President Obama said in May that government efforts to protect computer systems from attack would not involve “monitoring private-sector networks or Internet traffic,” and Department of Homeland Security officials say the new program will scrutinize only data going to or from government systems.

That was then.  This is now:

But the program has provoked debate within DHS, the officials said, because of uncertainty about whether private data can be shielded from unauthorized scrutiny, how much of a role NSA should play and whether the agency’s involvement in warrantless wiretapping during George W. Bush’s presidency would draw controversy. Each time a private citizen visited a “dot-gov” Web site or sent an e-mail to a civilian government employee, that action would be screened for potential harm to the network.

“We absolutely intend to use the technical resources, the substantial ones, that NSA has. But . . . they will be guided, led and in a sense directed by the people we have at the Department of Homeland Security,” the department’s secretary, Janet Napolitano, told reporters in a discussion about cybersecurity efforts.

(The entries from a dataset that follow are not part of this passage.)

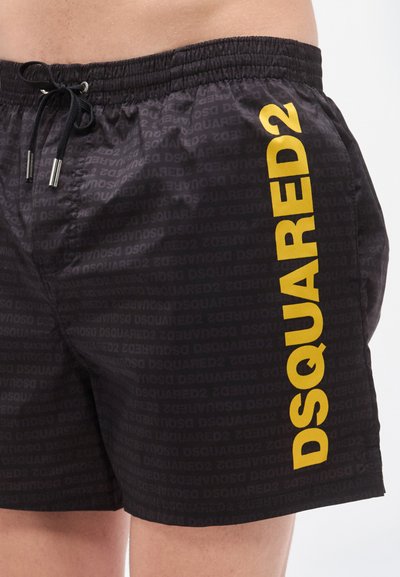 Μαύρα μαγιό σορτς με επαναλαμβανόμενο μοτίβο "DSQUARED2" σε τονικό χρώμα, με έντονο κίτρινο λογότυπο στο αριστερό μέρος και ελαστική μέση.
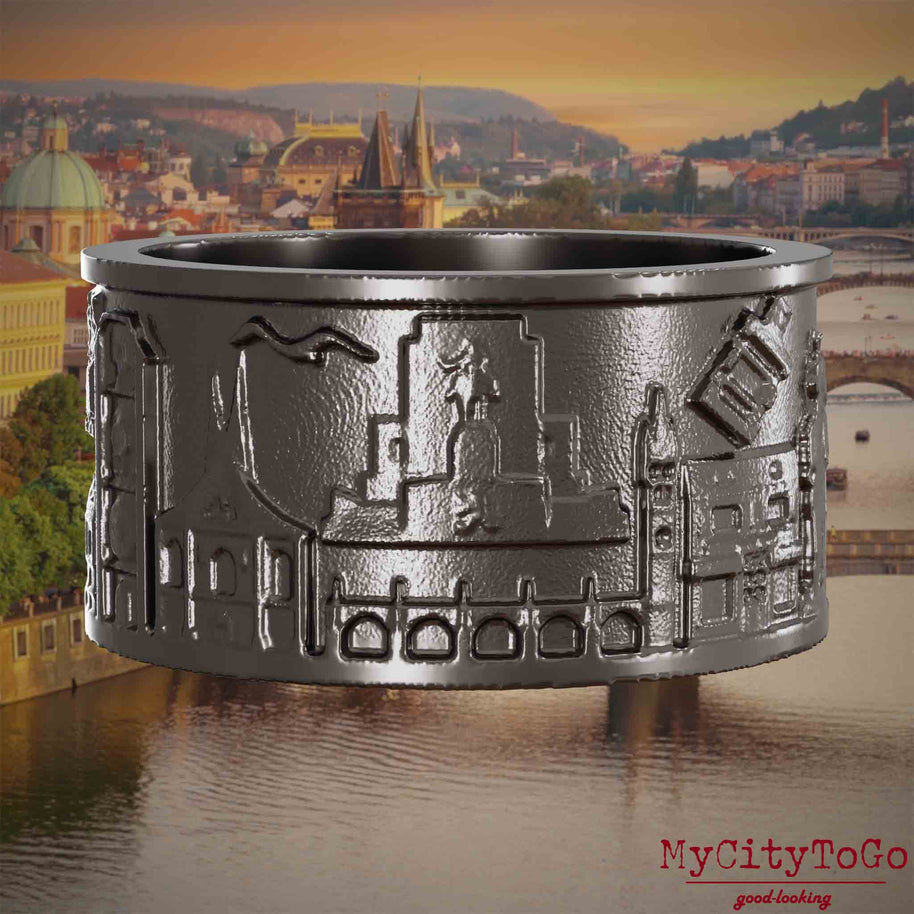 Ring aus Titan mit Reliefs bekannter Sehenswürdigkeiten der Stadt Prag. Den Hintergrund bildet eine Ansicht der Stadt Prag.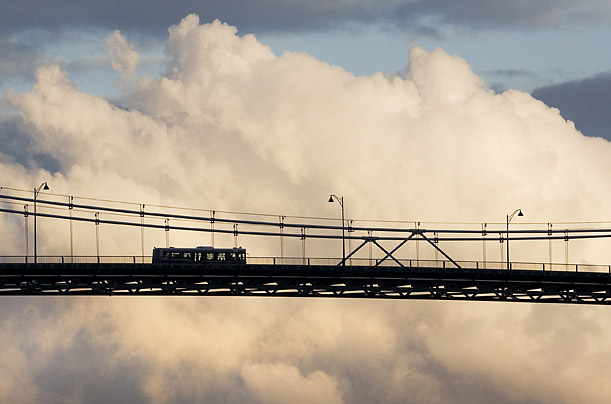 city transit bus is silhouetted against evening clouds as it crosses the Lions Gate Bridge into downtown Vancouver, British Columbia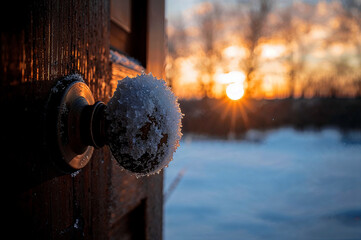 Snowy doorknob glowing against winter sunset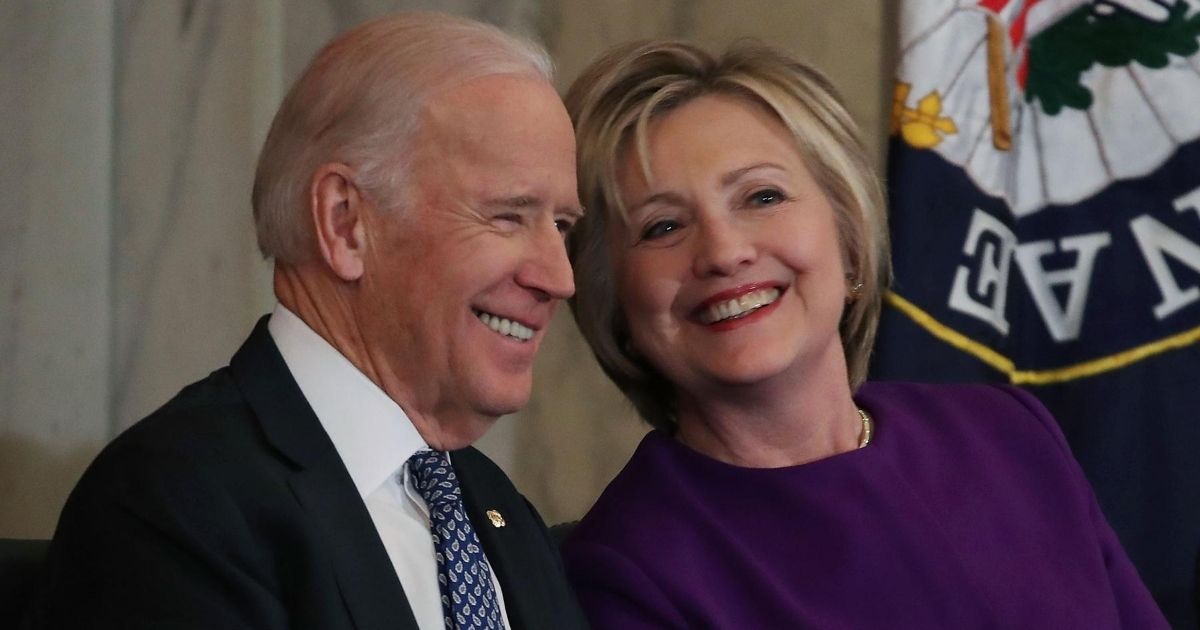 Former Secretary of State Hillary Clinton, right, shares a laugh with then-Vice President Joe Biden during a portrait unveiling ceremony for outgoing Senate Minority Leader Harry Reid on Capitol Hill on Dec. 8, 2016, in Washington, D.C.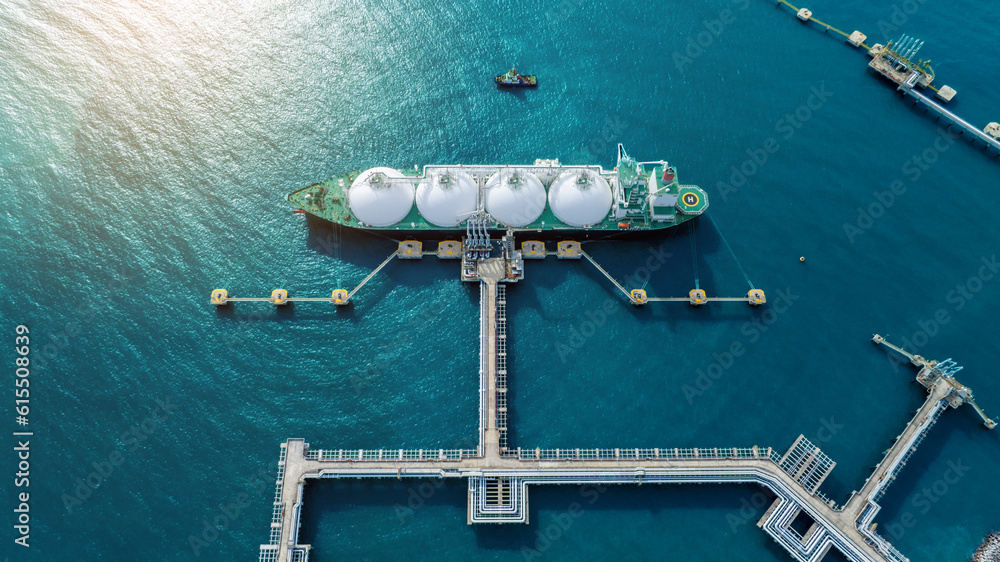 LNG (Liquified Natural Gas) tanker anchored in Gas terminal gas tanks for storage. Oil Crude Gas Tan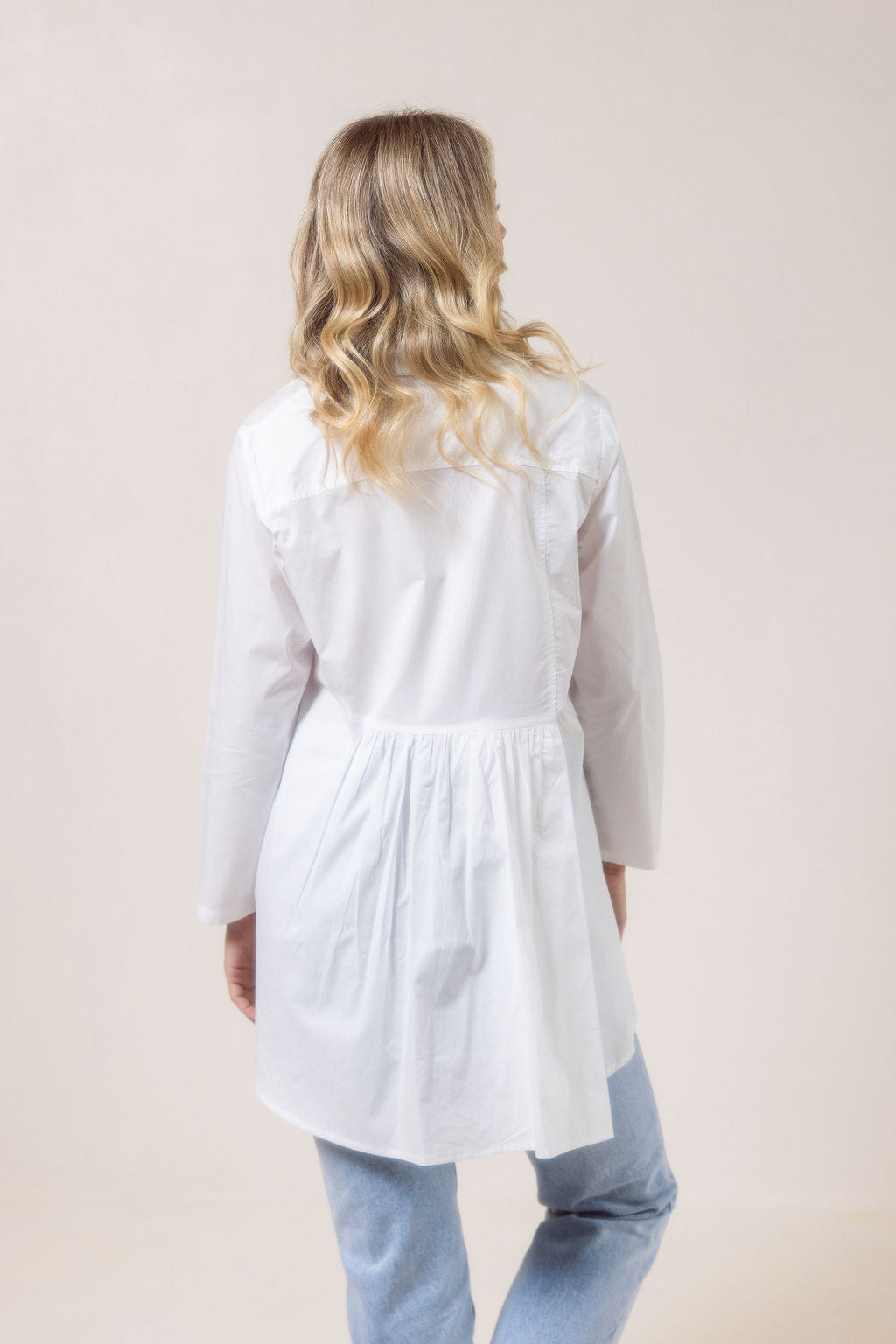 Woman wearing a white See Saw shirt in cotton with a gathered back and blue jeans against a plain background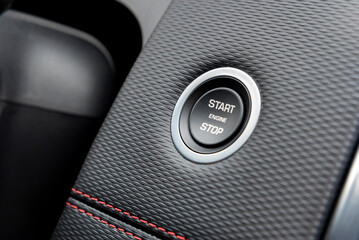 Engine start stop button in modern car close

Under a classified pilot program approved during the Bush administration, NSA data and hardware would be used to protect the networks of some civilian government agencies. Part of an initiative known as Einstein 3, the plan called for telecommunications companies to route the Internet traffic of civilian agencies through a monitoring box that would search for and block computer codes designed to penetrate or otherwise compromise networks.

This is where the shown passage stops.